To use Mooeypoo's North Frisian example, the frr.WP should want to localize its SVG images to frr. If the editor did not specify |lang=, then the frr.WP should consult the available languages to see if "frr" is available. If it is, then build the params as "langfrr-220px". If "frr" is not available, then look for fallback "de" and use it if available. Ultimately, frr.WP might look for fallback "en", but it may not find that language (some SVG diagrams are numbers only and have no explicit language). If it finds nothing, then the frr.WP could build the params as "220px" (thus mimicing the current default SVG PNG request).

(The current WP semantics are if lang=de is specified, then the user wants that localization even if she is on the ru.WP.)
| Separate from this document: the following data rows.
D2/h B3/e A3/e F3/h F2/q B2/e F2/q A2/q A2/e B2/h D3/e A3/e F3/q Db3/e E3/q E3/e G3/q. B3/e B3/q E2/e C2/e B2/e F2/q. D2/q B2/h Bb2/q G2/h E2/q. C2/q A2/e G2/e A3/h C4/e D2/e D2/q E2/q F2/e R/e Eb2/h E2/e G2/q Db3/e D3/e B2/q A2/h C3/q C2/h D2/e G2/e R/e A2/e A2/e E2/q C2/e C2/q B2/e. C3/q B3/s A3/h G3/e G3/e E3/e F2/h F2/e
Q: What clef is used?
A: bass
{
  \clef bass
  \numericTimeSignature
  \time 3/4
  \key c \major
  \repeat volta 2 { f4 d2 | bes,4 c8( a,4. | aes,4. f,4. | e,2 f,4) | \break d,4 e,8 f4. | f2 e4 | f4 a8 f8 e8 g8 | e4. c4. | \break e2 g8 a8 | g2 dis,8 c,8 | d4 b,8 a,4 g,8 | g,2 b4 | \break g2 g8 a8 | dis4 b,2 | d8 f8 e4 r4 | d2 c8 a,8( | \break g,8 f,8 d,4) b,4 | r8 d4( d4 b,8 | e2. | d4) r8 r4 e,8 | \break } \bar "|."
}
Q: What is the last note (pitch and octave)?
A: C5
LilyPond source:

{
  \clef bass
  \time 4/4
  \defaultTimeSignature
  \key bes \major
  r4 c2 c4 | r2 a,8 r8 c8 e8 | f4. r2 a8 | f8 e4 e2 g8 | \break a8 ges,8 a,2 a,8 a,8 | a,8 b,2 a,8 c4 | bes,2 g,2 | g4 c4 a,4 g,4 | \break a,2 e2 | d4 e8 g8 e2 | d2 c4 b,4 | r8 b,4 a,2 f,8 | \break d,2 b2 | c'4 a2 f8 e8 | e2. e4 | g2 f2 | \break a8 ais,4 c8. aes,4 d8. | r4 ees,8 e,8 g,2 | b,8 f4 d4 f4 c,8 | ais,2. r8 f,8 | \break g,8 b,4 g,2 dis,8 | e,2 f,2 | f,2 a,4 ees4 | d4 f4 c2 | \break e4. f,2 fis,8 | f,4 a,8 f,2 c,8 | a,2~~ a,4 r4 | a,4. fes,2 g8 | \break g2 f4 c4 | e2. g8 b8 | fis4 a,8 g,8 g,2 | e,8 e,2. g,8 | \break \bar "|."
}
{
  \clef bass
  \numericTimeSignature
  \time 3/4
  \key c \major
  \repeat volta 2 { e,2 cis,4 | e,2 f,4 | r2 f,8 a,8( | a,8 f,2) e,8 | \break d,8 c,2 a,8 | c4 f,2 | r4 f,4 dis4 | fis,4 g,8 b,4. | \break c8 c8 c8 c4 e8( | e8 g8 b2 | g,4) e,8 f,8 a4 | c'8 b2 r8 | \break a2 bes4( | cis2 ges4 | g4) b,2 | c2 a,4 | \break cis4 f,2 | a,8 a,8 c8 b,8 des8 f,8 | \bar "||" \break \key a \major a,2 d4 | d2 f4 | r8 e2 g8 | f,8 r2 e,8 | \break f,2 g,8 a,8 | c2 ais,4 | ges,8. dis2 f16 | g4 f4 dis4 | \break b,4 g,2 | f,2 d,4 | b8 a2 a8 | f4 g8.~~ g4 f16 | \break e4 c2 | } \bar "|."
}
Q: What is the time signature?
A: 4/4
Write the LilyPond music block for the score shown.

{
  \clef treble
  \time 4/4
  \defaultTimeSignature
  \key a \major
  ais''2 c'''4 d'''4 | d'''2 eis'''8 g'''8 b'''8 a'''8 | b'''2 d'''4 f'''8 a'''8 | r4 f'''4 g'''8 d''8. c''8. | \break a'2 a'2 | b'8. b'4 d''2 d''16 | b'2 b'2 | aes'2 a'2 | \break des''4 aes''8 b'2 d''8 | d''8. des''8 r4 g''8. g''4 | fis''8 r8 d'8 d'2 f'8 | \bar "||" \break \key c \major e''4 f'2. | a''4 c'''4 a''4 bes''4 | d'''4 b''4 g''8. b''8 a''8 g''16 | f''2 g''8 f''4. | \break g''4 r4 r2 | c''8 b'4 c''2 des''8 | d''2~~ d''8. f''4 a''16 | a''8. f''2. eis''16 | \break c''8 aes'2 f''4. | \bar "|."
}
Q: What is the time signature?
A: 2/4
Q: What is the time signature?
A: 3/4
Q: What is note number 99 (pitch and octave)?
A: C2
(The semantics of defaults need to be worked out. If an SVG root element has xml:lang="de" or lang="de", then what should happen on the de.WP? Possibly "langde-" can be dropped because the default language would be the same. This optimization is the filter "en" above done without being English-centric. Think about the case where a German graphic artist made a German language diagram but included systemLanguage="en" clauses. In that case, the en.WP does not want the "default" rendering of the SVG but rather the en rendering. There are some semantic choices to be made here. Currently both MW and librsvg use "en" when a language is not specified. There are language neutral SVG files (e.g., using numbers as labels). How is a Wikipedia editor supposed to specify he wants the language neutral version (which may be the SVG default display)?)

Bawolff added a comment.EditedSep 5 2018, 9:27 PM

Mostly: @kaldari is correct in T202181#4511685 . Note that the RL svg handling is a separate subsystem (which is a bit confusing) that is not used for user svgs.

Historical note: I believe when this was originally implented, there was concern that it would confuse users to have images display differently on commons as other projects (consider vandalism potential), so it was opted not to autochange language as the easiest path forward. Prior to being able to detect what language the svg had available, we treated every language as valid (and possibly still do under the assumption that the code to detect lang sucks), so there was also concern about an explosion of thumbnails for every possible language (even unusued one), taking up too much disk space.

But largely speaking this was a political decision not a technical one. Having the svg default to content language, should be no big deal (provided that some code to make sure it only happens if the content language is one of the langs the svg is translated into).

@Mooeypoo: I don't understand what ResourceLoader has to do with this, please clarify.

Yeah I was referring to the creation of a png we serve when we ask for an SVG file. This process (as @Bawolff mentioned, and @kaldari I think also said) should be in ResourceLoader. I was wondering if we can get into that process and request content language then.

This would mean that we get consistent behavior no matter where we ask for an SVG on wikis, if the SVG has language switch.

However -- I'm not sure what is involved in that, so the investigation should probably look into how hard that is and whether that's even an option. The comments we all left seemed to mostly be theoretical assumption of what direction things could take. The next step (Which we hope to do with this spike) is to see what our actual implementation options are, and whether there are key things that should guide us to choose one method over another, if there are more than one option.

Does that answer the question, @MaxSem ?

@Mooeypoo @MaxSem Could you create follow-up tickets after this investigation is done? I'd like to get a move on this as soon as we can.

MaxSem closed this task as Resolved.Oct 3 2018, 9:28 PM
MaxSem moved this task from Needs Review/Feedback to Q2 2018-19 on the Community-Tech-Sprint board.